E’ stato il fondatore del notariato moderno e i suoi testi, per secoli, hanno “dettato legge” in tutti i paesi del mondo in cui vigeva il diritto latino. Ma Rolandino (1215 - 1300) non è stato solo l’autore della celebrata “summa totius artis notarie” e grande maestro dello Studium bolognese, fu anche un politico che, in una Bologna attanagliata dalle continue contese fra le fazioni dei guelfi e dei ghibellini, pilotò il passaggio dei poteri dalla vecchia aristocrazia alla nuova borghesia colta, il “popolo”. Lo fece con piglio deciso, riuscendo a tenere saldamente in mano, per un decennio, il governo della città, creando anche una milizia popolare, la “società della croce”, di cui assunse il comando. Quando Bologna venne assegnata al papato, Rolandino uscì dalla scena politica per riprendere l’insegnamento universitario, in uno Studium che era intanto rinato e il cui prestigio, soprattutto nell’ambito giuridico, cominciava ad essere universale. Intanto le corporazioni delle Arti e dei Mestieri si erano affermate, assumendo un peso che nessun potere politico poteva scalzare più. La corporazione dei notai raggruppava ben 1300 aderenti ed era divenuta un fortissimo centro di potere, testimoniato visivamente anche dalla imponente sede che, unica fra quelle delle arti e professioni, sorgeva direttamente su piazza Maggiore.

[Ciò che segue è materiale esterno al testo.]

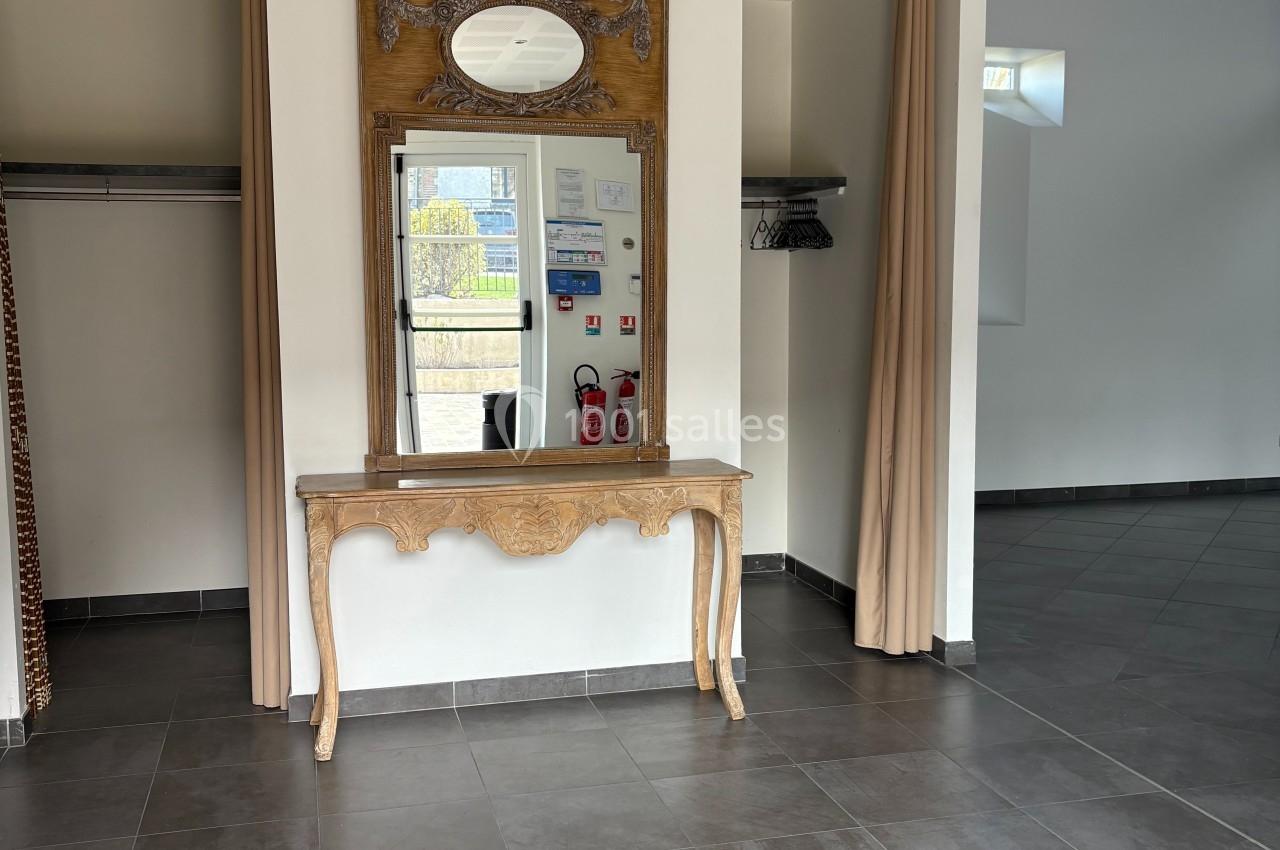 Salle vide avec sol en carrelage gris, miroir encadré au-dessus d'une console en bois sculpté et rideaux beige aux murs.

Le quattro sezioni in cui si articola la mostra offrono una lettura sociale del Duecento, il secolo d’oro di Bologna e insieme evidenziano come imprenditoria e politica, in quel secolo, non fossero disgiunte dalla passione per la cultura. Era del tutto normale, ad esempio, che i notai si occupassero di poesia, per cui in moltissimi atti, accanto alle scritture ufficiali che registrano doti, passaggi di proprietà, lasciti testamentari, vengano annotati i versi dei poeti in voga al momento: Jacopo Lentini, Re Enzo, Guido Guinizelli, ma anche dei toscani Dante, Guido Cavalcanti, Cecco Angiolieri, Cino da Pistoia e, con la poesia in volgare, i versi di canzoni e filastrocche popolari. Accanto ai testi di Rolandino, nelle prime versioni manoscritte e miniate e nelle successive in incunabolo e a stampa, alle molte traduzioni internazionali e alle altre opere dei maestri giureconsulti dello Studium bolognese del tempo, la mostra documenta, attraverso l’esposizione degli splendidi statuti miniati, il peso ed il prestigio che ebbero in epoca comunale di corporazioni delle Arti e dei Mestieri.

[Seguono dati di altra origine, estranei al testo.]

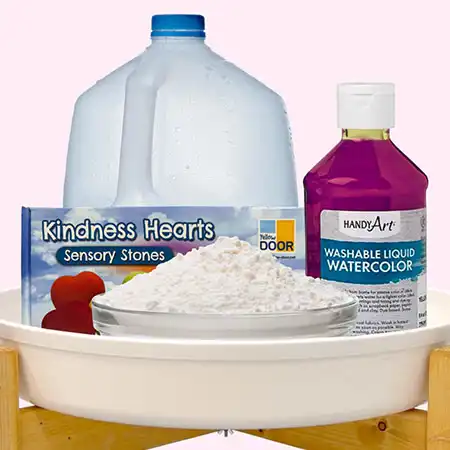 ​​Water, cornstarch, liquid watercolor, Kindness Hearts, and Tuff Tray for Becker&rsquo;s ECE sensory activity.​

La Bologna del Duecento rivive anche in antiche raffigurazioni e attraverso documenti di grande suggestione e, spesso, di non minore bellezza. Vengono esposti - alcuni per la prima volta - documenti dell’antico Comune bolognese e dell’Ufficio dei Memoriali. Completa la mostra un' indagine sulla figura politica di Rolandino, sezione, questa, simbolicamente chiusa dalla presentazione del calco della sua celebre arca.